BGS USA reached a non-prosecution agreement with the Department of Justice (DOJ) and a consent order imposing civil money penalty with the Financial Crimes Enforcement Network (FinCEN), the company said in a press release.

Brink’s said in the release that it agreed to pay a total of $42 million over three years and that it cooperated throughout the investigations. The company added that the resolutions involve currency shipments that occurred from 2018 to 2020 and that it strengthened its global Ethics & Compliance program over the last several years.

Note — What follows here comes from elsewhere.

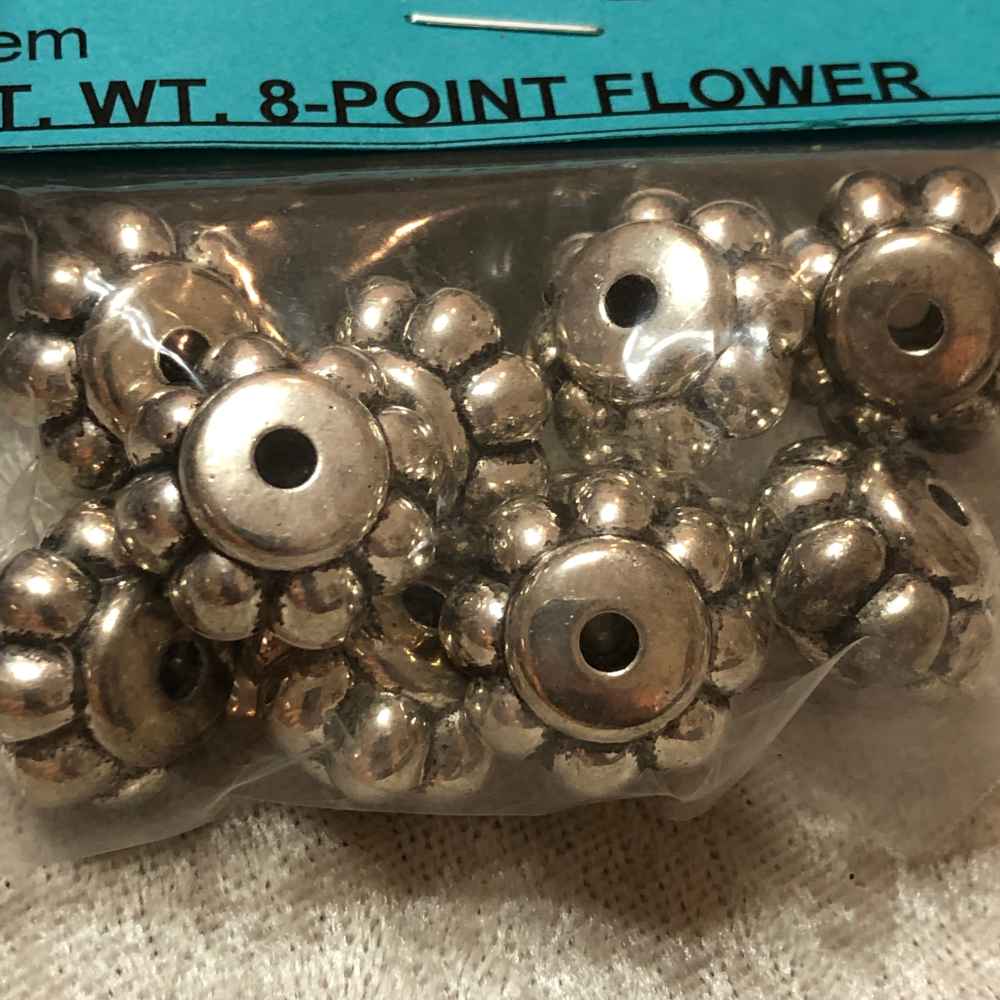 Silver Plated Plastic Large Hole 8-Point Flower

“Upon learning of the DOJ investigation in 2020, we conducted our own thorough internal review and have since implemented further enhancements to our global Ethics & Compliance program, which were acknowledged by the DOJ in our agreement,” Brink’s President and CEO Mark Eubanks said in the release. “As an industry leader, we are committed to continuous improvement and are always evolving our program to address changing compliance risks.”

FinCEN said in a Thursday press release that it assessed a $37 million civil money penalty against BGS USA for willful violation of the anti-money laundering (AML) law, the Bank Secrecy Act (BSA), and that the company will be subject to an AML program review.

The agency said that the resolution with BGS USA sets forth that the company failed to register with FinCEN as a money services business, failed to develop an effective AML program, and failed to file suspicious activity reports.

“For years, Brink’s moved large sums domestically and across the Southwest border without required AML controls, exposing the U.S. financial system to a heightened risk of money laundering, including from narcotics trafficking and other illicit activity,” FinCEN Director Andrea Gacki said in the release.

The DOJ said in a Thursday press release that BGS USA would forfeit $50 million to settle criminal allegations that it operated as an unlicensed money transmitting business and that, as part of the non-prosecution agreement, the company admitted that it illegally transported money domestically and internationally.

For all PYMNTS B2B coverage, subscribe to the daily B2B Newsletter.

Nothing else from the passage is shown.